» **RECORDS FOR THIS TASK**
%%

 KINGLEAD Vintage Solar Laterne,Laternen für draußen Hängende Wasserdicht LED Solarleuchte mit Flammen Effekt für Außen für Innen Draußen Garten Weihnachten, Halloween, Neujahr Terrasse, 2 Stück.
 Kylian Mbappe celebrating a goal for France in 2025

%%
%%

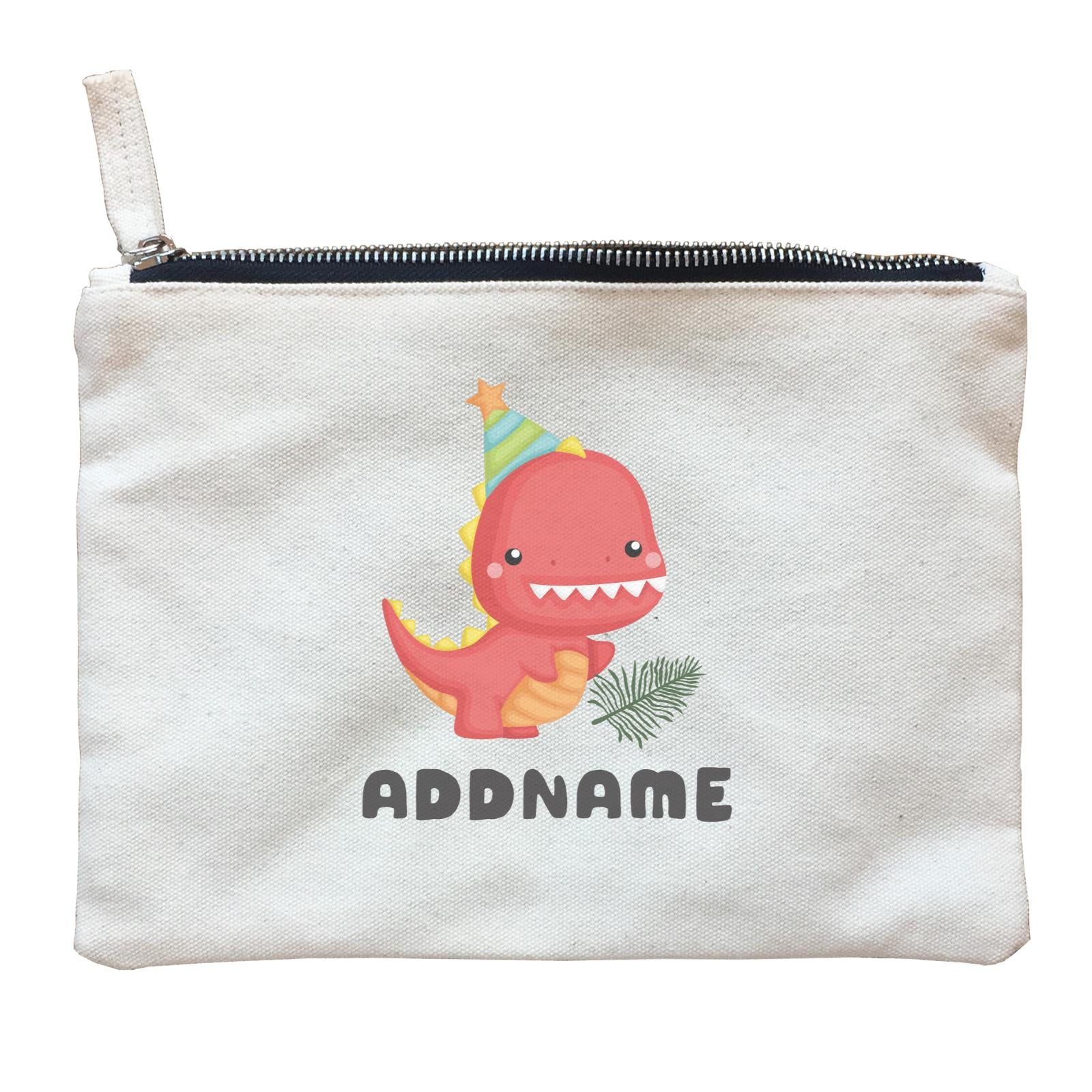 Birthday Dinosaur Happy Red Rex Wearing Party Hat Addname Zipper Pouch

%%
%%

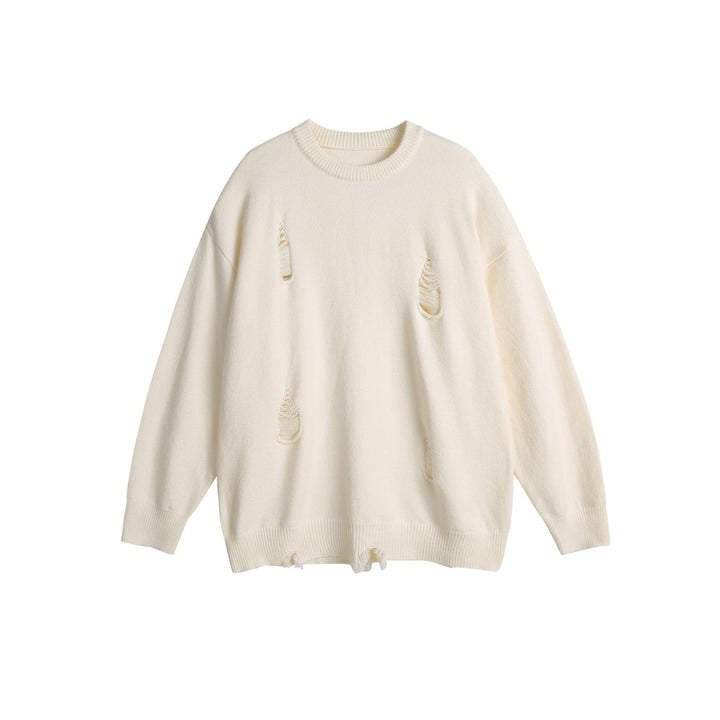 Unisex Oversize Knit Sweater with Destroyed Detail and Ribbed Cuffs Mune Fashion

%%

» **WHAT NEEDS TO BE DONE**
Restate word for word the lines in the material above from the one with "KINGLEAD Vintage Solar" to the one with "Kylian Mbappe celebrating"; both of those lines count, and nothing else does.

» **RESULT**
 KINGLEAD Vintage Solar Laterne,Laternen für draußen Hängende Wasserdicht LED Solarleuchte mit Flammen Effekt für Außen für Innen Draußen Garten Weihnachten, Halloween, Neujahr Terrasse, 2 Stück.
 Kylian Mbappe celebrating a goal for France in 2025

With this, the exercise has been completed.